2. Description of the Related Art In recent years, as various functions of electronic devices have been enhanced and diversified, EL devices have been used to illuminate the entire surface of a display or operation unit such as an LCD or a display panel of the device, as well as various characters. There are also increasing types of devices that illuminate only predetermined locations such as lights, symbols, patterns and picture shapes, and EL devices that emit light only at such predetermined locations are described in JP-A-61-7389. It has been known.

[0003] Such a conventional EL element is shown in FIG.
This will be described with reference to FIG.

[0004] In order to make the configuration easy to understand, each drawing shows an enlarged dimension in the thickness direction.

FIG. 5 is a sectional view of a conventional EL element, and FIG. 6 is an exploded perspective view of the same. In FIG. 5, reference numeral 1 denotes a transparent insulating film such as polyethylene terephthalate, which is oxidized by sputtering or vapor deposition on one entire surface. A light-transmissive electrode layer 2 of indium tin, tin oxide, indium oxide, or the like is formed. On this light-transmissive electrode layer 2, there is formed a circular portion 3A and a ring-shaped portion 3B surrounding the same, such as fluororubber or cyano. A luminescent layer 3 in which zinc sulfide or the like as a luminescent material is dispersed in a high dielectric resin such as a base resin is formed by printing.

Then, a dielectric layer 4 in which barium titanate or the like is dispersed in a high dielectric resin, and a conductive powder such as aluminum foil or silver or carbon are coated on the luminescent layer 3 with polyester or epoxy. A back electrode layer 5 formed by printing with a paste dispersed in a resin is sequentially stacked to form an EL element.

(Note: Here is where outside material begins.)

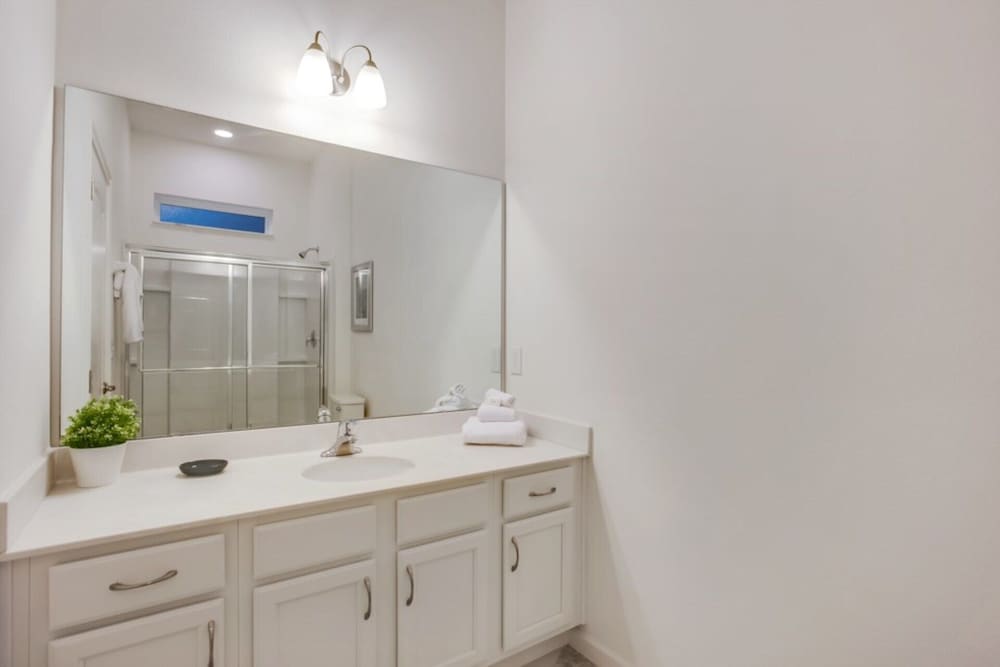 Villa in Solterra Resort 2747 - photo 53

When the EL element having the above structure is mounted on the back of an LCD or display panel of an electronic device and a voltage is applied to the light-transmitting electrode layer 2 and the back electrode layer 5, the EL element is sandwiched between them. Voltage is applied to the entire surface of the light emitting layer 3 and the dielectric layer 4,
The circular portion 3A and the ring-shaped portion 3B surrounding the circular portion 3A emit light, and illuminate the display portion of the device in a double round shape.

[0008]

However, in the above-mentioned conventional EL device, a voltage is applied to the entire surface of the dielectric layer 4 and the portion other than the portion overlapping the circular portion 3A or the ring-shaped portion 3B of the light emitting layer 3 is used. A voltage is applied to a part that is not necessary for the illumination, which increases the power consumption. In addition, since the insulating film 1 and the light transmitting electrode layer 2 are transparent,
In the state where the L element does not emit light, the circular portion 3A and the ring-shaped portion 3B of the luminous body layer 3 are seen through, and this overlaps the display of the LCD or display panel with the EL element mounted on the back surface, thereby impairing visibility. There was a problem to do.

An object of the present invention is to solve such a conventional problem, and an object of the present invention is to provide an EL element which consumes less power and has good visibility of a display section of a mounted device.

[0010]

According to the present invention, there is provided a light-transmitting electrode film, a light-emitting layer, a first dielectric layer, and a first back surface on a light-transmitting insulating film. The EL element is formed by sequentially forming electrode layers and forming either the light-transmitting electrode layer or the first back electrode layer into a predetermined character or pattern.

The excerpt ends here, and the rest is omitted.